**What you should do**. Starting from the line with "Apartment 1 Mi" and going up to and including the line with "Bobby Ryan greets", copy the listing below exactly. Leave all images out.

BEGIN Task input

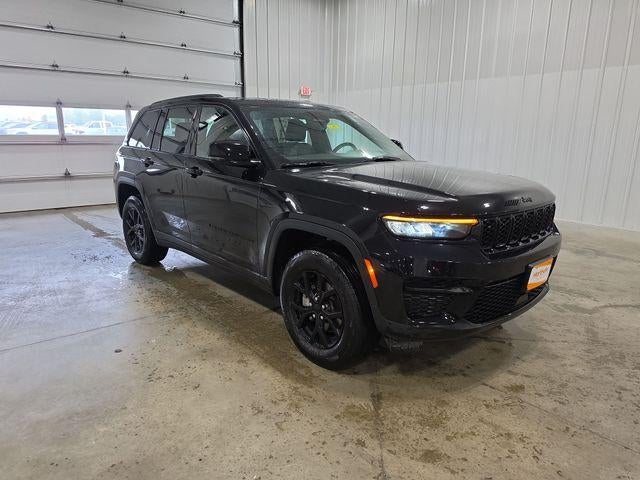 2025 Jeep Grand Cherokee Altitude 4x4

END Task input
BEGIN Task input

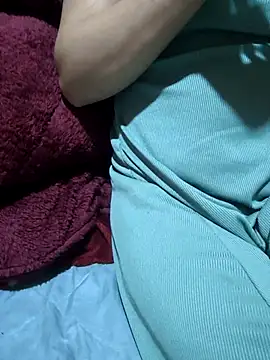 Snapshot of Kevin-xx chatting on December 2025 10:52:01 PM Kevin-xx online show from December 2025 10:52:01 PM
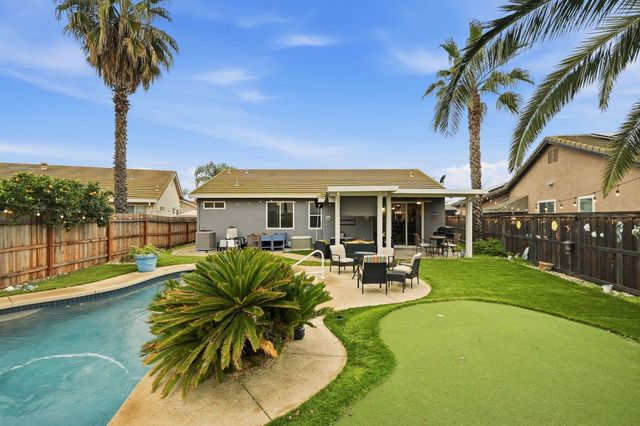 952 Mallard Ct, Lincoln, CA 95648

END Task input
BEGIN Task input

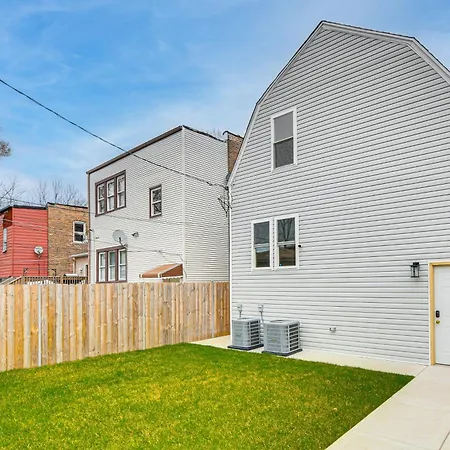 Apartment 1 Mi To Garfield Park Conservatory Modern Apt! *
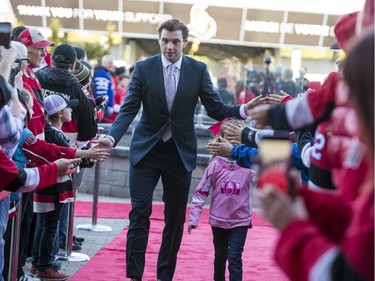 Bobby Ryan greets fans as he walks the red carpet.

END Task input

**Response box**.
 Apartment 1 Mi To Garfield Park Conservatory Modern Apt! *
 Bobby Ryan greets fans as he walks the red carpet.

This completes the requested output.